_INSTRUCTIONS TO FOLLOW_
Starting with the line that contains "FIFA 19: 15K", repeat each line exactly through the final line of the listing. No picture should appear in the copy.

_RECORDED INFORMATION_
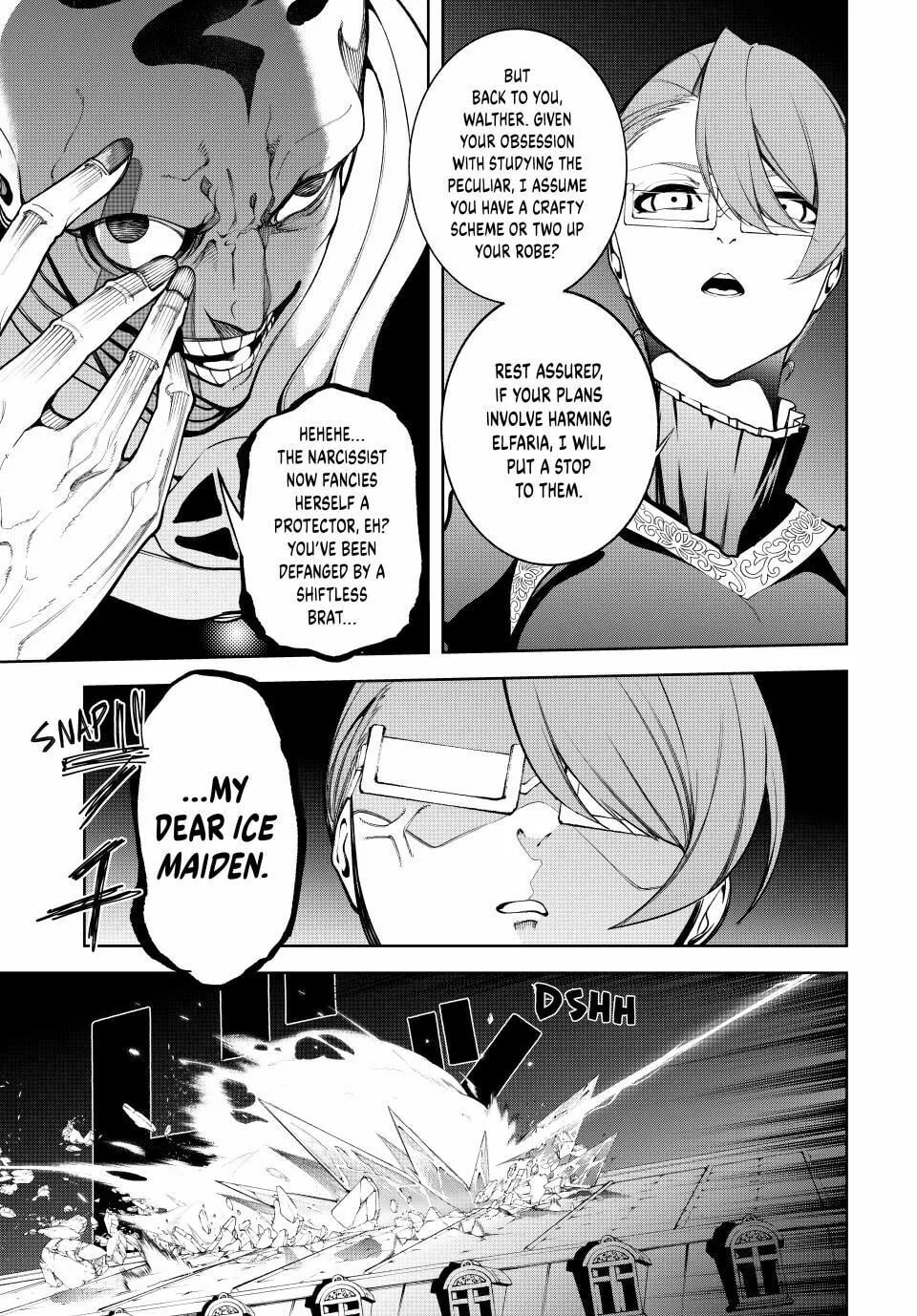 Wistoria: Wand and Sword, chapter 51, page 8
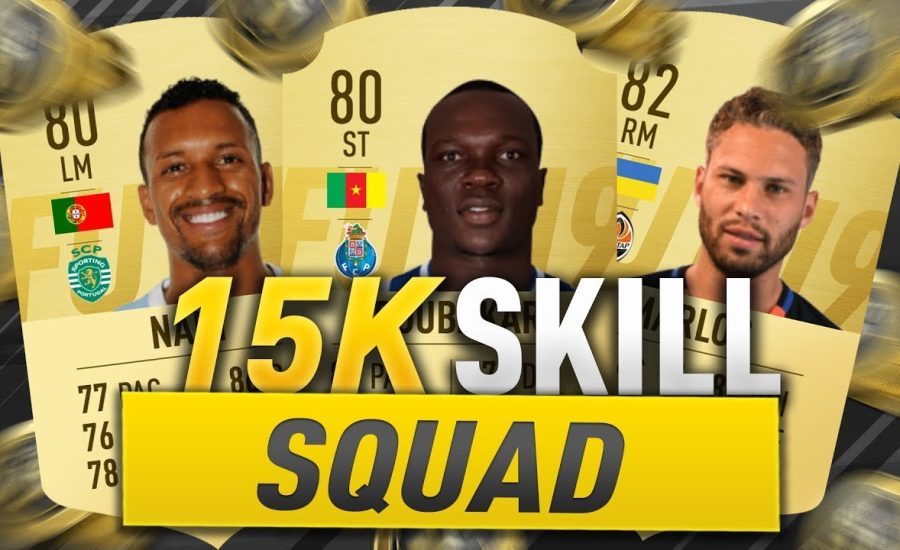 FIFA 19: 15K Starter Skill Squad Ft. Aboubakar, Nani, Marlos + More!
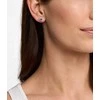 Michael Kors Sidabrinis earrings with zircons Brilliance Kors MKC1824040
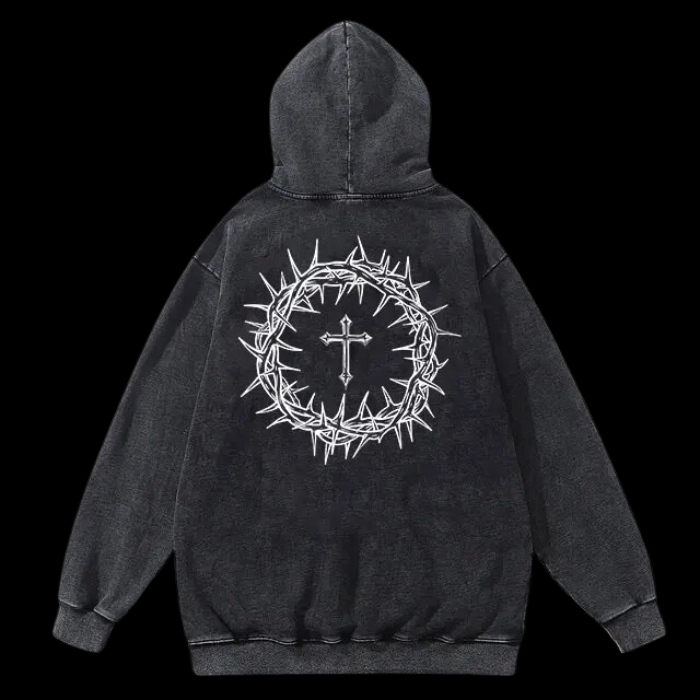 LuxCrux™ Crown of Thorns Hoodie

_WRITTEN SOLUTION_
 FIFA 19: 15K Starter Skill Squad Ft. Aboubakar, Nani, Marlos + More!
 Michael Kors Sidabrinis earrings with zircons Brilliance Kors MKC1824040
 LuxCrux™ Crown of Thorns Hoodie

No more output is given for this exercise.